=== Assignment ===
Repeat, exactly as they appear, the lines from the one with "maison 3 pièces 34 m²" through the last line of the entries below, but none of the pictures.

=== Provided material ===
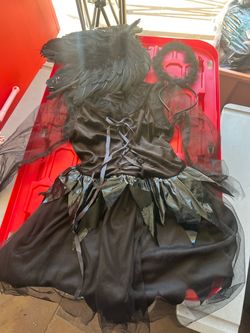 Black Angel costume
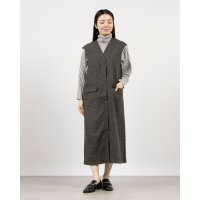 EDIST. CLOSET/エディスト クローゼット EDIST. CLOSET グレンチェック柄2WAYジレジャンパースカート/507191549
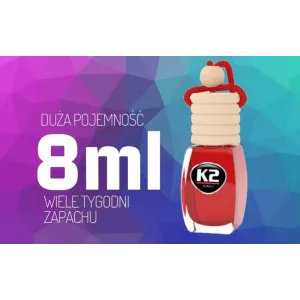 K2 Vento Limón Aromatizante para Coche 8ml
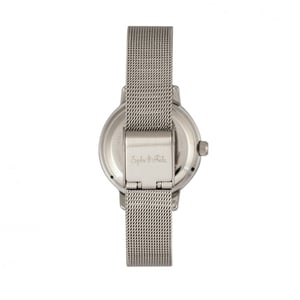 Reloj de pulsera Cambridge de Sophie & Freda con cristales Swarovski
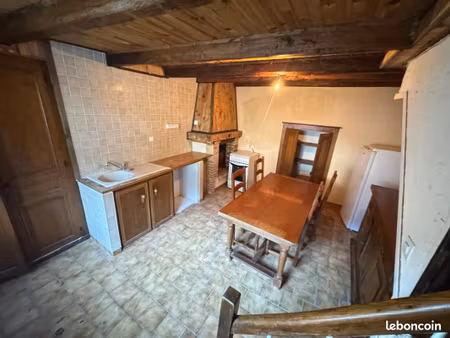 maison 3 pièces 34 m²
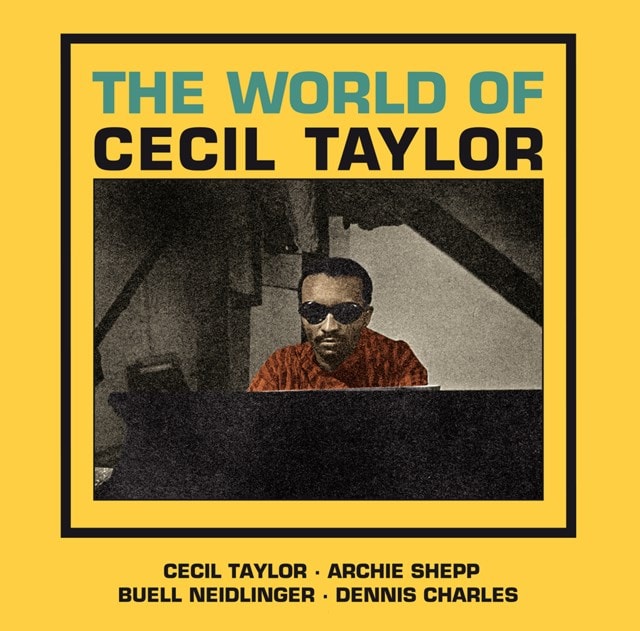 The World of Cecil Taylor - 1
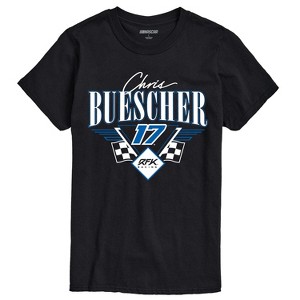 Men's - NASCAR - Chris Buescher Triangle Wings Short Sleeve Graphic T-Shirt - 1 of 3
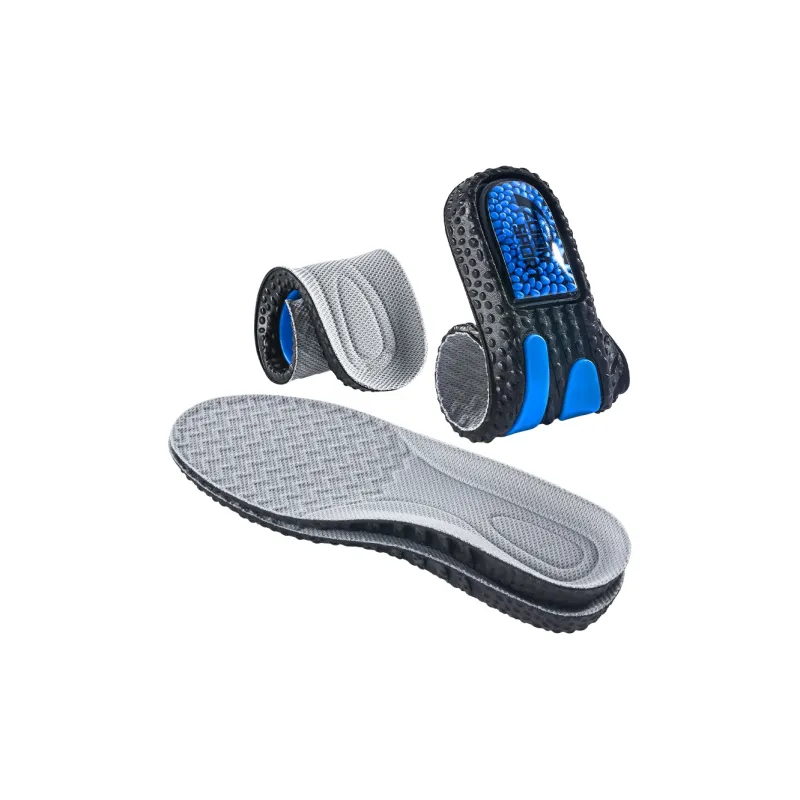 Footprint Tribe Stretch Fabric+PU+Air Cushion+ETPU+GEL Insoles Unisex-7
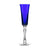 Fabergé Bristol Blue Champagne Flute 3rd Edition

=== Expected answer ===
 maison 3 pièces 34 m²
 The World of Cecil Taylor - 1
 Men's - NASCAR - Chris Buescher Triangle Wings Short Sleeve Graphic T-Shirt - 1 of 3
 Footprint Tribe Stretch Fabric+PU+Air Cushion+ETPU+GEL Insoles Unisex-7
 Fabergé Bristol Blue Champagne Flute 3rd Edition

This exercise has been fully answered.